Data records
§ §
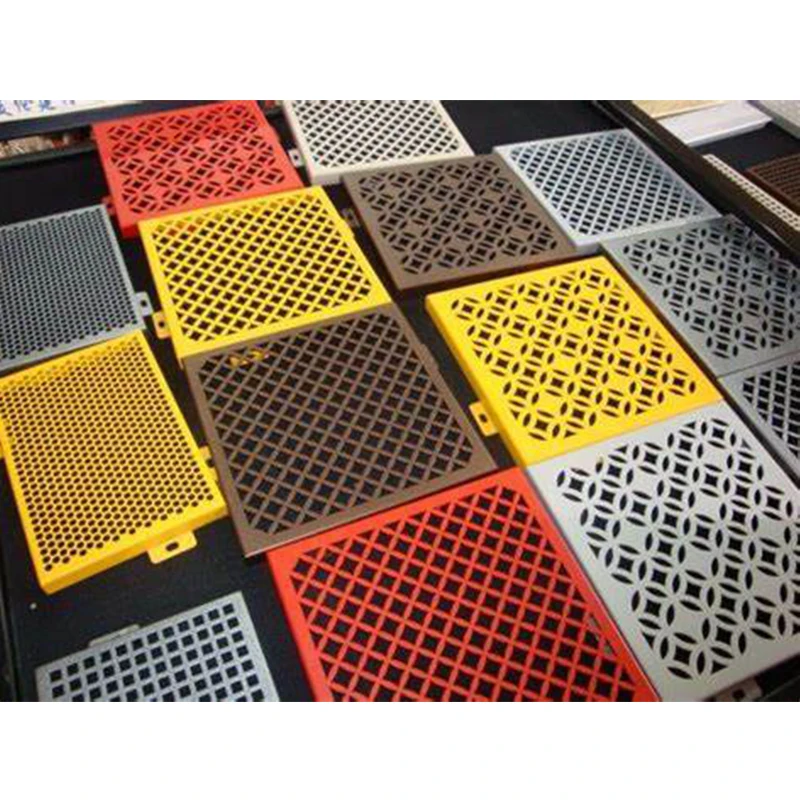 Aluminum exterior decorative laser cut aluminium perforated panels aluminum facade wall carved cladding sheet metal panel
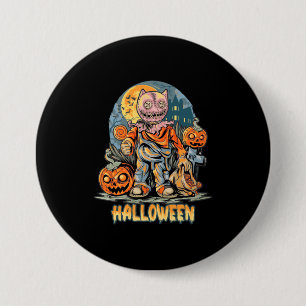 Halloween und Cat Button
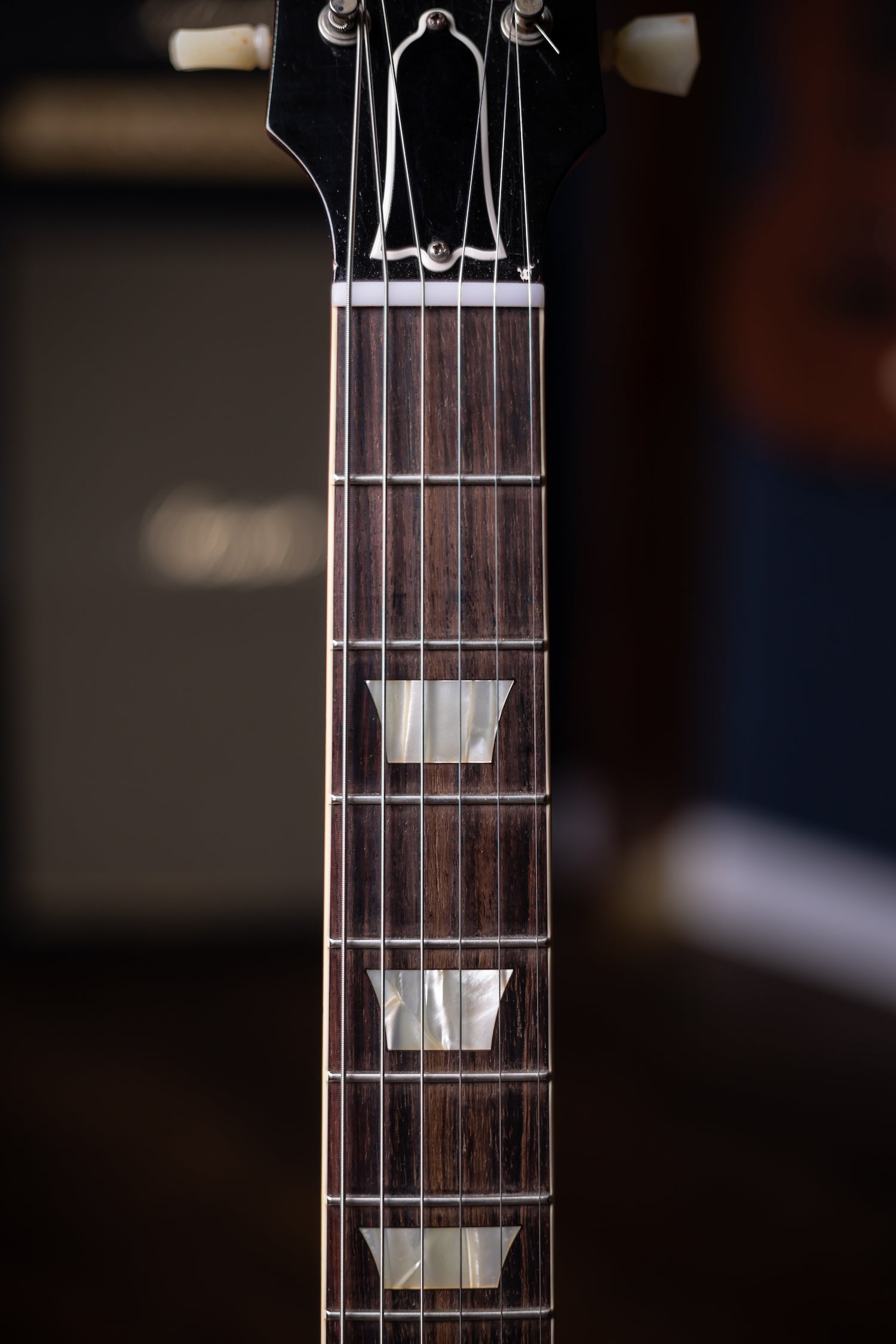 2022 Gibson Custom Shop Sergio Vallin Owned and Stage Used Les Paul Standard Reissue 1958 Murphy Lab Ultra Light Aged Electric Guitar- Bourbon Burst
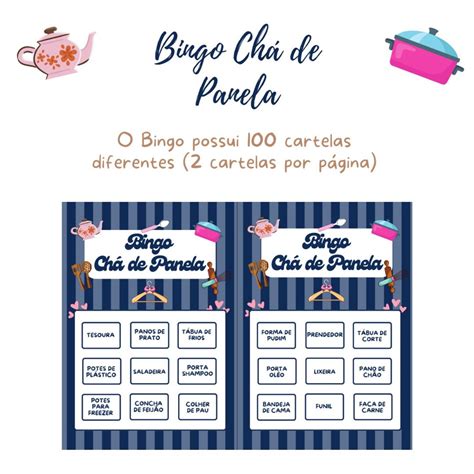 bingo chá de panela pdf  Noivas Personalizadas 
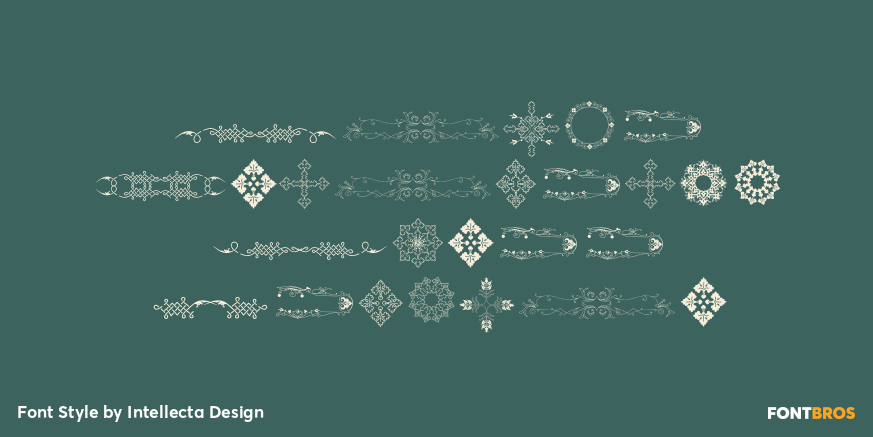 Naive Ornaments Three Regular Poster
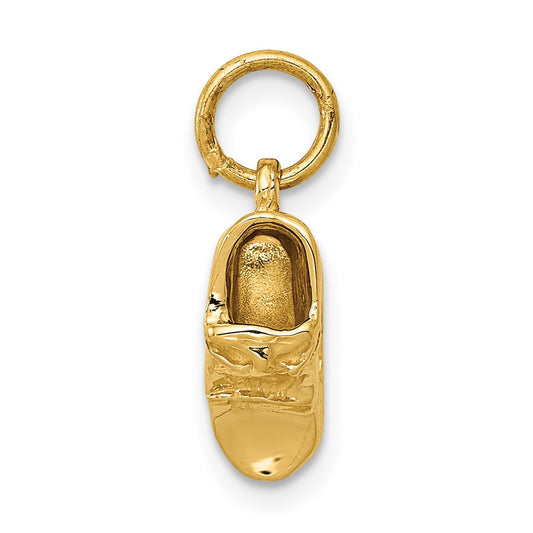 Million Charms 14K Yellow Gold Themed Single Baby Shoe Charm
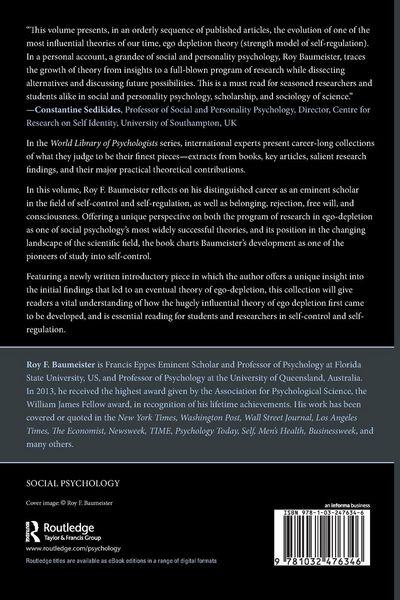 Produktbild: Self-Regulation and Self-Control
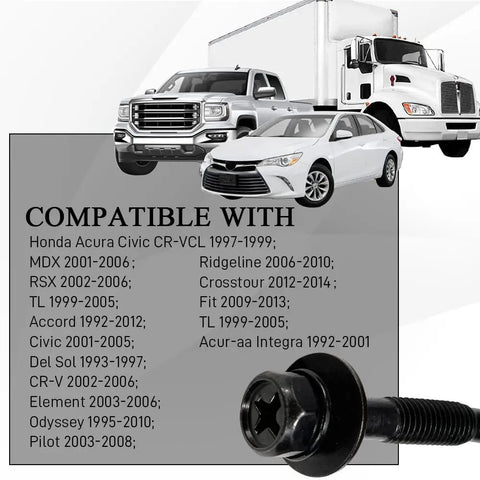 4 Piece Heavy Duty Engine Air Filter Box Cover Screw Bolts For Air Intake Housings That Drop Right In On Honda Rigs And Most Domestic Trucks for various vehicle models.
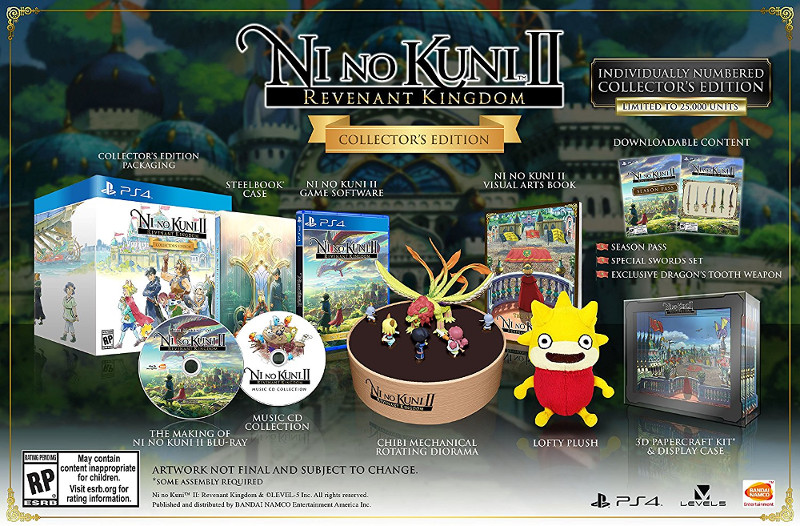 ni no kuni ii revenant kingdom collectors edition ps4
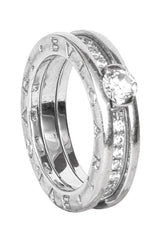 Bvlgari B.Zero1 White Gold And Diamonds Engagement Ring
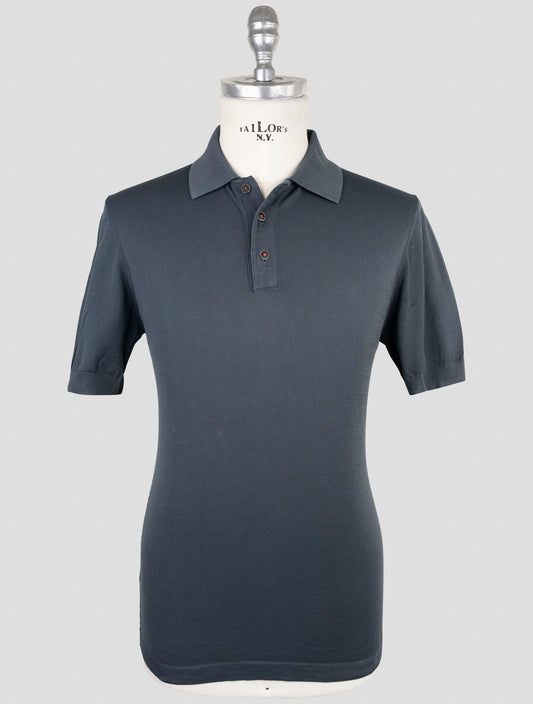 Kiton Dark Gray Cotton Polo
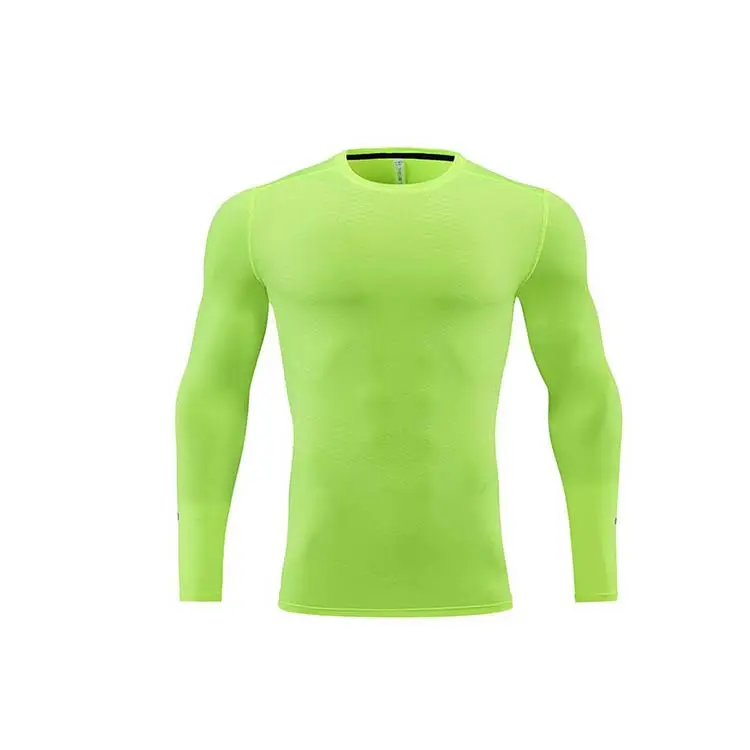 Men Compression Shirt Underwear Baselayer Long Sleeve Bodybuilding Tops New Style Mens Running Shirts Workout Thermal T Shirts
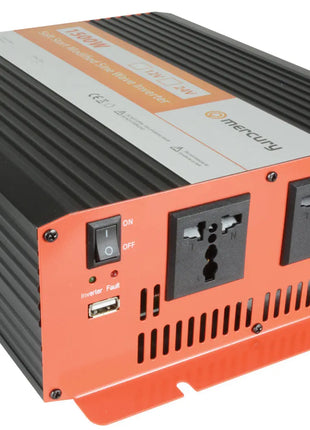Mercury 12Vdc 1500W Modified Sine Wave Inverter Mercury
§ §
- PROBLEM TO WORK ON
With pictures excluded, reproduce exactly the lines above from the one containing "2022 Gibson Custom" down to the one containing "Kiton Dark Gray Cotton Polo", those two included.

- ANSWER TO THE PROBLEM
 2022 Gibson Custom Shop Sergio Vallin Owned and Stage Used Les Paul Standard Reissue 1958 Murphy Lab Ultra Light Aged Electric Guitar- Bourbon Burst
 bingo chá de panela pdf  Noivas Personalizadas 
 Naive Ornaments Three Regular Poster
 Million Charms 14K Yellow Gold Themed Single Baby Shoe Charm
 Produktbild: Self-Regulation and Self-Control
 4 Piece Heavy Duty Engine Air Filter Box Cover Screw Bolts For Air Intake Housings That Drop Right In On Honda Rigs And Most Domestic Trucks for various vehicle models.
 ni no kuni ii revenant kingdom collectors edition ps4
 Bvlgari B.Zero1 White Gold And Diamonds Engagement Ring
 Kiton Dark Gray Cotton Polo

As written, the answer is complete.